Even with these calls for change, several recurring themes arise when people recall their positive experiences with the festival: it is a pilgrimage, an annual reunion for family and old friends and far-flung players. Clifftop is at once a time capsule and timeless, a visceral return to in-the-moment music making and the community gathering and inclusivity that are intrinsic to string band music. “To me, Clifftop’s like Brigadoon,” says musician Hilarie Burhans in a 2015 excerpt from Craig Evans’s documentary series, Conversations with Old-time Performers; at the 2022 festival, I hear others make the same comparison to the 1954 musical film. “It’s a whole beautiful community that rises from the mist, exists for nine days, and then it’s gone until the next year.”

Brittany Haas, a touring musician and old-time fiddler who is currently part of the quartet Hawktail, remembers arriving at Clifftop for the first time about twelve years ago, late at night. At that point, the entrance at which attendees pay an entry fee had shut down for the night. Rather than camp outside the gates, she and her group decided to do the “sneaky, punky thing where you just hike through the woods,” Haas said, “because we just couldn’t wait.” As they walked, Haas’s shoe broke. “I remember someone saying, ‘there’s snakes here,’ and just freaking out,” she recalls, laughing. “But then, wandering out of the woods into the campground and hearing all the music, it just kind of felt like this paradise of fiddle music coming at you from every direction.”

Clifftop is at once a time capsule and timeless, a visceral return to in-the-moment music making and the community gathering and inclusivity that are intrinsic to string band music.

On the first official night of the festival each year, Keith McManus, who some refer to as “the mayor of Clifftop,” hosts the Big Damn Morgantown Jam at his tent, which is known among campers as “McManustan.” The event is always enormous, packed, and rollicking, rolling into the early morning. Rachel Eddy, a West Virginia native and touring musician who’s been attending Clifftop since their early twenties, recalls that one year, it was so big that there was a bass on each corner of the tent. Normally, just one bass is present in a jam. “You don’t see that anywhere,” they say. McManus says that this year’s “McManustan” annual kick-off went until about 4:30 in the morning.
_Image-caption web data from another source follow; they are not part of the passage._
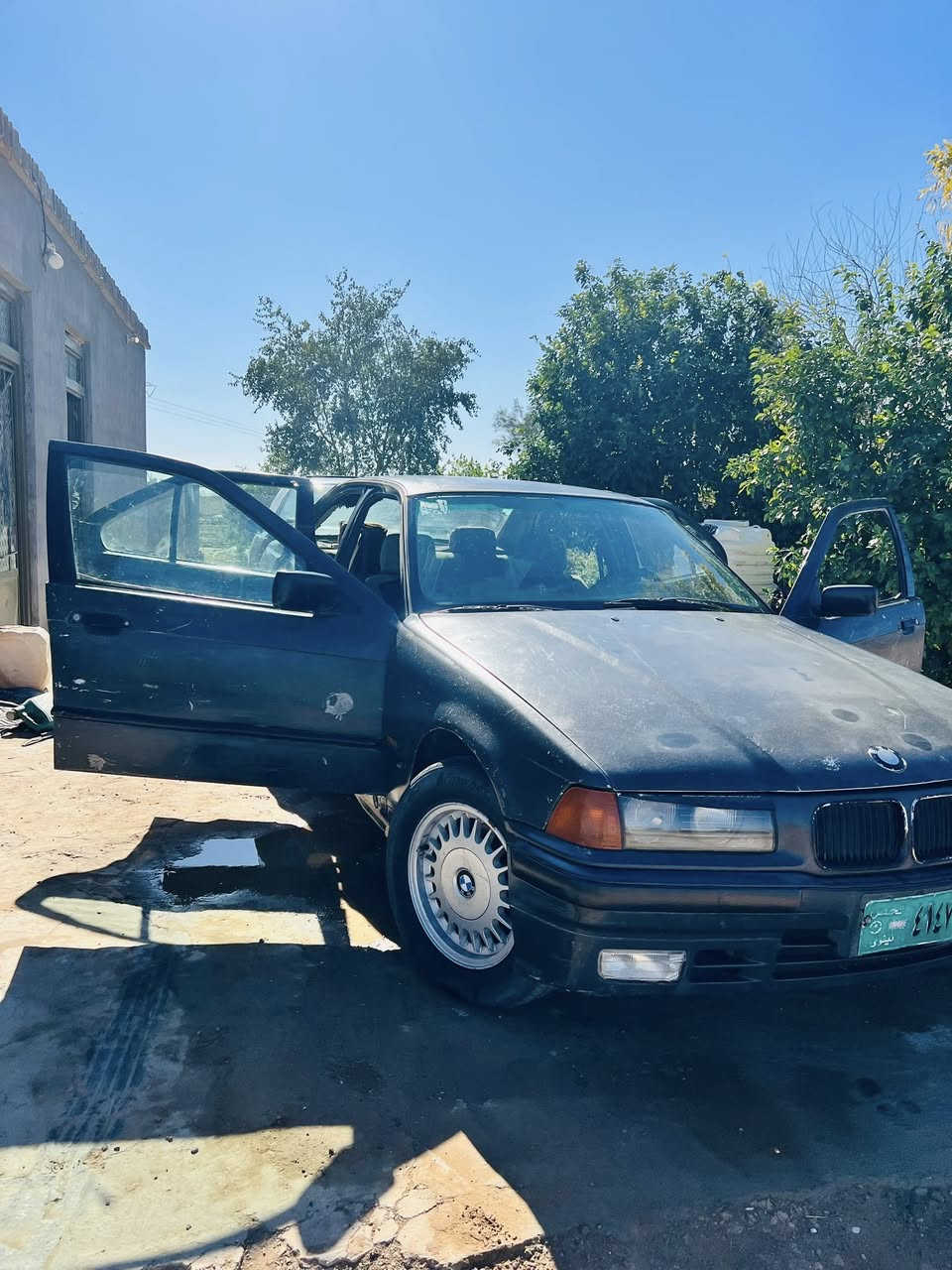 سلام عليكم من رخصة الآدمن BMW E36 السعر (9) $ أوراق  مكينتها مستحقة تجفيت كير اكسل شرط سيارة بلادية رقمها فحص نينوى صاحبها ما اندلة أبيع كوم حديد أتعهد سرقة وعشائر تخم تاير جديد كهربائياتها كلها شغالة اترايك وين ما يعجبك العنوان سامراء اتصل ع ***********
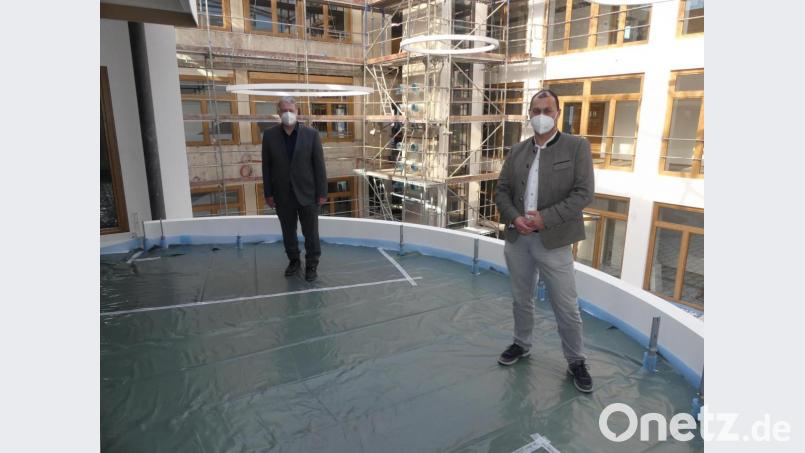 Noch ist die Lounge im ersten Stock nicht fertig, aber Landrat Richard Reisinger und Realschulrektor Martin Zimmermann (rechts) bestaunen die Architektur trotzdem schon. Bild: Landratsamt Amberg-Sulzbach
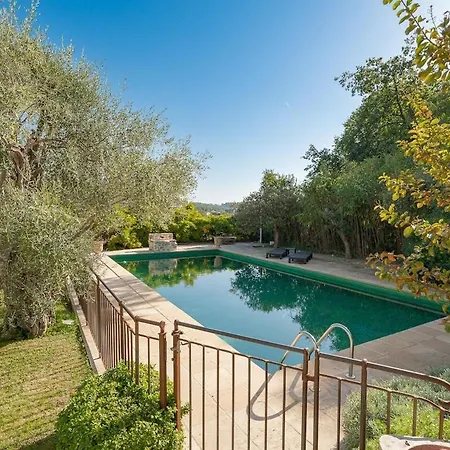 Mas Provencal D'exception Le Lezard Bleu Apartment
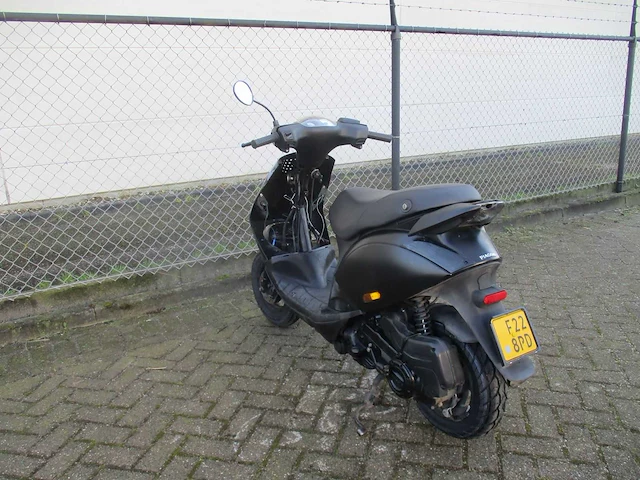 Piaggio - bromscooter - zip - scooter - afbeelding 2 van  11
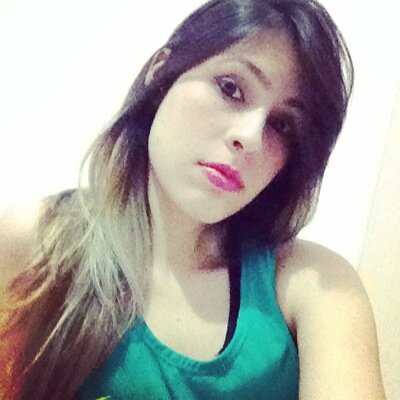 Olhei no espelho e me apaixonei por quem ali refletia. Pela primeira vez na vida, tava amando a pessoa certa.. | 19 | Estudante de Publicidade e Propaganda.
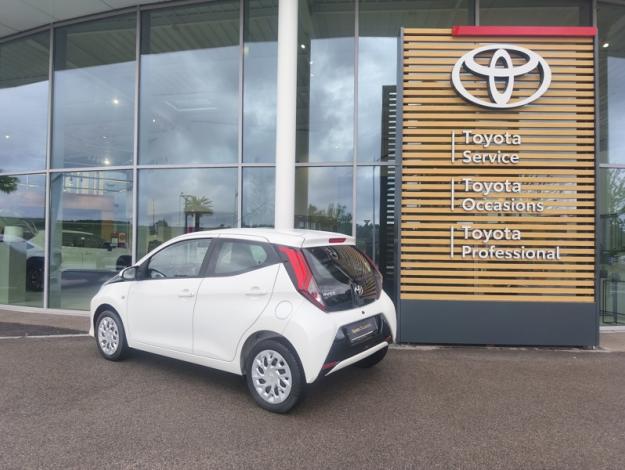 TOYOTA Aygo 1.0 VVT-i x-play  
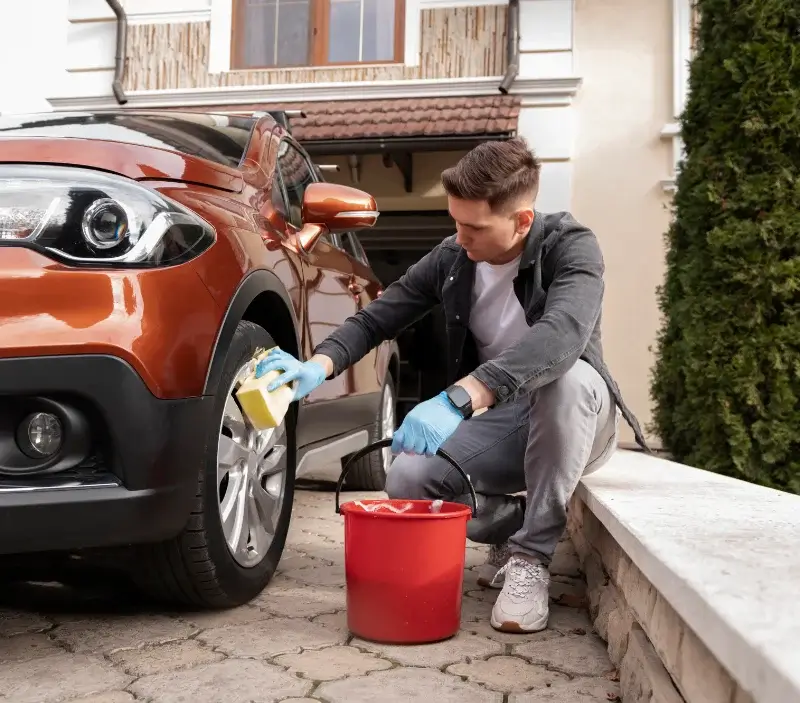 Lavage auto à domicile Glomel : professionnel intervenant sur un véhicule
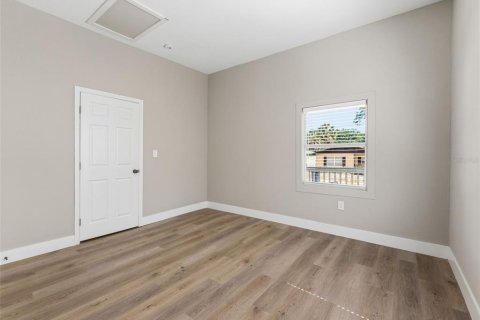 Villa ou maison à vendre à Tampa, Floride: 5 chambres, 150.5 m2 № 2415363 - photo 14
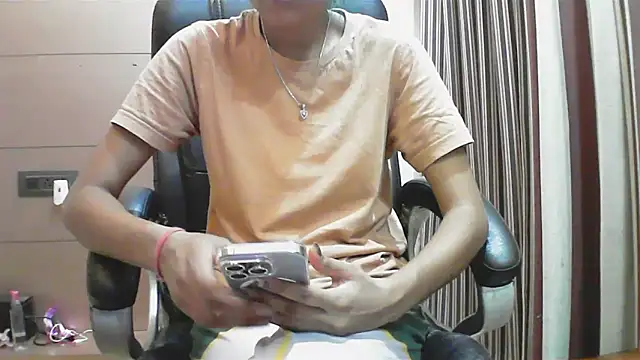 collage hoty online show from 31, 10, 2025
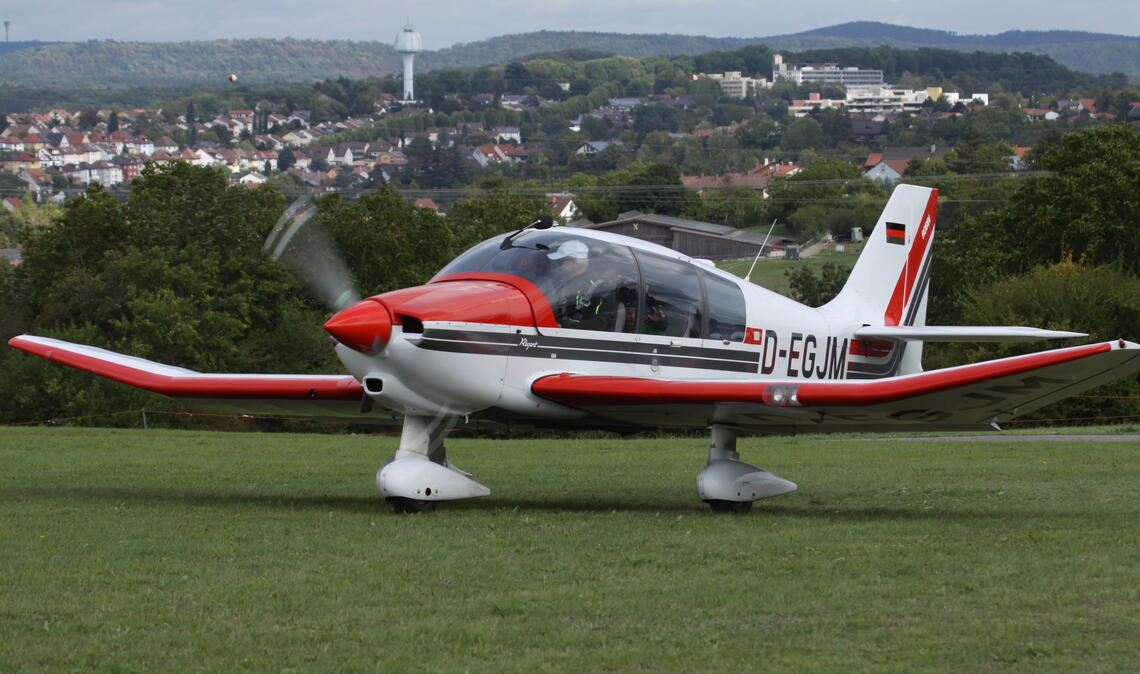 Wer selbst das Fliegen erleben will, kann einen Schnupperflug in einem Motorflugzeug vom Typ Robin DR400 unternehmen. Fotos: privat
McManus is committed to keeping his tent as a place where everybody is welcome to play. For newcomers or beginning players, jams at any sort of festival space can be challenging to navigate or find your way into, and he, as well as the many people who orbit his tent, is committed to ensuring that anyone who’s excited about the music can play.

Some debate whether musicians should precisely preserve and imitate old-time recordings or if there is space to divert from purist tradition. Blount, however, framed those debates as irrelevant. He’s attended Clifftop since 2015 and is a two-time winner of Clifftop contests.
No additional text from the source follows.